The introduction of a minimum legal price per alcohol unit in England could lead to health improvements, according to a review by Public Health England (PHE).
The PHE report into alcohol control policies says that alcohol is now more affordable and people are drinking twice as much as they did 40 years ago. More adults are non-drinkers but there are still more than 10 million people in England drinking at levels that could damage their health, the report continues, adding that minimum unit pricing would be a “highly targeted” way to improve health.
PHE gave its backing to Scottish proposals that will see the introduction of a minimum unit price of 50p, although this is the subject of a legal challenge by the Scotch Whisky Association. The UK Government rejected proposals to introduce a 45p minimum price per unit in 2013 but in 2014 a ban on the sale of alcohol below cost price was enforced in England and Wales.

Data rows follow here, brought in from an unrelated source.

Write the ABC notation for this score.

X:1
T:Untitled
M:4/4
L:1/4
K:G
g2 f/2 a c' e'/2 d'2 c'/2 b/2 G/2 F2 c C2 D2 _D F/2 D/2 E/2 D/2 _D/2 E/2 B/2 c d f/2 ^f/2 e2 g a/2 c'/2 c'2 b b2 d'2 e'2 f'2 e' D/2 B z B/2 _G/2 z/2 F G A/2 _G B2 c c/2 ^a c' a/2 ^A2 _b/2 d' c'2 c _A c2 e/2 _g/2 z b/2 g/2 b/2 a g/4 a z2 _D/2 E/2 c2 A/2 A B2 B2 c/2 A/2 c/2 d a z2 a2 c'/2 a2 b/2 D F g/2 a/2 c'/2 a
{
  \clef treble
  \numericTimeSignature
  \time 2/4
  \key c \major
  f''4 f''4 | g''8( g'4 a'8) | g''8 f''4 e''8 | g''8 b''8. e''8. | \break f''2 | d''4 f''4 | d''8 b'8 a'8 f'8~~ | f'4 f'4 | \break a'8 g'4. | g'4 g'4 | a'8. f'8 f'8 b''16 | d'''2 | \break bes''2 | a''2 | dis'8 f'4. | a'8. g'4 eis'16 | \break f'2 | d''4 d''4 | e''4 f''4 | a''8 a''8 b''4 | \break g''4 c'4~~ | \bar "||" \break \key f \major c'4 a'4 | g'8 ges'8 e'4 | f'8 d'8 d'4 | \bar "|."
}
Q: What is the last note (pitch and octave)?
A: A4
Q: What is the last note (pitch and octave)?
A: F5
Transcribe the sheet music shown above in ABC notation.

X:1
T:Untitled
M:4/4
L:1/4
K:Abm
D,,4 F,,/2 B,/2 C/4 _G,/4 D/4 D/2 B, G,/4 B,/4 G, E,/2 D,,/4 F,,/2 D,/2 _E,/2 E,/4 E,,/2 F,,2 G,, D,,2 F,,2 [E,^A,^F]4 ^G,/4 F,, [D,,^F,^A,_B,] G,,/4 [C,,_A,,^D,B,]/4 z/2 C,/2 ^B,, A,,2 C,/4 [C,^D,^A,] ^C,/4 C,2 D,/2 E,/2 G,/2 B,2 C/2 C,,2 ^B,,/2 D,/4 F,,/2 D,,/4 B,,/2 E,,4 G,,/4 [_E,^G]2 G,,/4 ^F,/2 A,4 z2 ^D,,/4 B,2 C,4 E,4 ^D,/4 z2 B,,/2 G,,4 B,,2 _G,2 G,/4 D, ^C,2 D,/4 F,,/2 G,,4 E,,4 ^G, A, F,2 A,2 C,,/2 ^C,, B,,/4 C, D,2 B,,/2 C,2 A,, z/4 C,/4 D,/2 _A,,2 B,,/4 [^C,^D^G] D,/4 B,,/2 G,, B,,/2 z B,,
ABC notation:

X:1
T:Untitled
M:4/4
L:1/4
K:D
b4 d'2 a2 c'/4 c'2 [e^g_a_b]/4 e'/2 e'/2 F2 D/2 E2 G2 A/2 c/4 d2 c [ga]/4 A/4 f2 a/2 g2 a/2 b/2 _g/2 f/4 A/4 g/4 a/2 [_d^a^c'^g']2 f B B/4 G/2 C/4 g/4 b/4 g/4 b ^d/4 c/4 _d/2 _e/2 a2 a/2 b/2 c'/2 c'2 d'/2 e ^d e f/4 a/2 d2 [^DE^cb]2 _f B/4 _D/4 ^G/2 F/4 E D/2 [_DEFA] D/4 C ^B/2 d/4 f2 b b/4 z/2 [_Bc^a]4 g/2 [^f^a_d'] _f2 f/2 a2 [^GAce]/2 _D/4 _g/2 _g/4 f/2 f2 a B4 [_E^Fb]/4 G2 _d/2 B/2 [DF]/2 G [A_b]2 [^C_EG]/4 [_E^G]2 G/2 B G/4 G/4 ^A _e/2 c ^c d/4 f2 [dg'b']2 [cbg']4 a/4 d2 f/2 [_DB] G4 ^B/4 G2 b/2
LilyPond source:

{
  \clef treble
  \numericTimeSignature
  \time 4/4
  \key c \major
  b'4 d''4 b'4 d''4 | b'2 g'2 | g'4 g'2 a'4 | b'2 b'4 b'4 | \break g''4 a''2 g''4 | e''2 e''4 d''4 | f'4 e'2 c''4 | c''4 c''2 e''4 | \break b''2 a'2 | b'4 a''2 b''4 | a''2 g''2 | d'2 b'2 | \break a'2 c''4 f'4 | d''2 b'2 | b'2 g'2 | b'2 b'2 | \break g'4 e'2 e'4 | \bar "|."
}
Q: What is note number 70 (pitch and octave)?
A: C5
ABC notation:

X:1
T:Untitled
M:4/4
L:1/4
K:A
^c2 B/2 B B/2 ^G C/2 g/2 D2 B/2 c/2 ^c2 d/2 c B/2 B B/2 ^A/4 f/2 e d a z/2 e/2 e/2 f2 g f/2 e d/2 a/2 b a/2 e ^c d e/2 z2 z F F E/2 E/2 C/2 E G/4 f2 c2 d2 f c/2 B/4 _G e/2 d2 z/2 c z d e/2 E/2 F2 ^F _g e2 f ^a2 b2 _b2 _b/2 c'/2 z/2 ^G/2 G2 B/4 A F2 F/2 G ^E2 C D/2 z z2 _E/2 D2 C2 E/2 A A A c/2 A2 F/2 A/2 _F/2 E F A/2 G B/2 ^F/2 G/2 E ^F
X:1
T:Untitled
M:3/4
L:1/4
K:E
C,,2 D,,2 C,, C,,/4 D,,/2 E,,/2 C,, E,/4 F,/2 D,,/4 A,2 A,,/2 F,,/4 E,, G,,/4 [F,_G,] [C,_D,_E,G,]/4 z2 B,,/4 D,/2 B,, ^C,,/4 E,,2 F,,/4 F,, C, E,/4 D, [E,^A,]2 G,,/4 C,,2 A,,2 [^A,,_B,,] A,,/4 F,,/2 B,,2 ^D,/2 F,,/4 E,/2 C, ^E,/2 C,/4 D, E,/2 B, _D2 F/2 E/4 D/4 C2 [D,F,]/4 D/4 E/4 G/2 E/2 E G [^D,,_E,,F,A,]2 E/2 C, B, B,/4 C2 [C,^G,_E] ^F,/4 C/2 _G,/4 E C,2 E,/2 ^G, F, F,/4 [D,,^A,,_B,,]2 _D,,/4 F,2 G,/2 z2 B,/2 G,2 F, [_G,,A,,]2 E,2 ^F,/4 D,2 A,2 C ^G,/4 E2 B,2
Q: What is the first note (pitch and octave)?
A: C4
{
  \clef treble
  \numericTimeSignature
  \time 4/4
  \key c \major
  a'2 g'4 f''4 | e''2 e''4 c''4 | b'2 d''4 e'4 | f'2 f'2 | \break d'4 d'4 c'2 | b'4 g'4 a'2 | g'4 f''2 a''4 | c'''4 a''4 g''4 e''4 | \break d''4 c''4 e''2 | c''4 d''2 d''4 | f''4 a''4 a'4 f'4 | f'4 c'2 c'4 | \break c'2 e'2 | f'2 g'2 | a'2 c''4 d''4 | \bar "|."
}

The report said: “Policies that reduce the affordability of alcohol are the most effective, and cost-effective, approaches to prevention and health improvement. For example, an increase in taxation leads to an increase in government revenue and substantial health and social returns. According to Treasury forecasts, cuts in alcohol duty since 2013 are projected to have reduced income to the Exchequer by £5 billion over five years, reducing to £3.45 billion when consumption increases are considered. This does not include increases in societal and NHS costs.
“Implementing a minimum unit price (MUP) is a highly targeted measure which ensures tax increases are passed on to the consumer and improves the health of the heaviest drinkers. These people are experiencing the greatest amount of harm.”
The proposed Scottish legislation will impact on the price of alcohol currently sold below the threshold with Nielsen data identifying that spirits would be the most impacted with 69% of volume currently sold below the 50p per unit threshold, followed by beer (67%), cider (51%) and wine (3.5%).
However, Dave Roberts of industry group the Alcohol Information Partnership challenged the PHE report’s claims.
He said: ”PHE are claiming that we are now drinking ‘twice as much’ as we did 40 years ago. In fact in the UK we drink almost exactly the same amount today as we did in 1976 (HMRC) and less than we did 10 years ago. In the last decade alcohol consumption has fallen by 18%.
“On average, 76% of adults (84% of women and 68% of men) do not exceed low risk guidelines. Minimum Unit Pricing has the potential to penalise moderate and responsible drinkers and increase the cost of enjoying a convivial drink without tackling serious misuse.”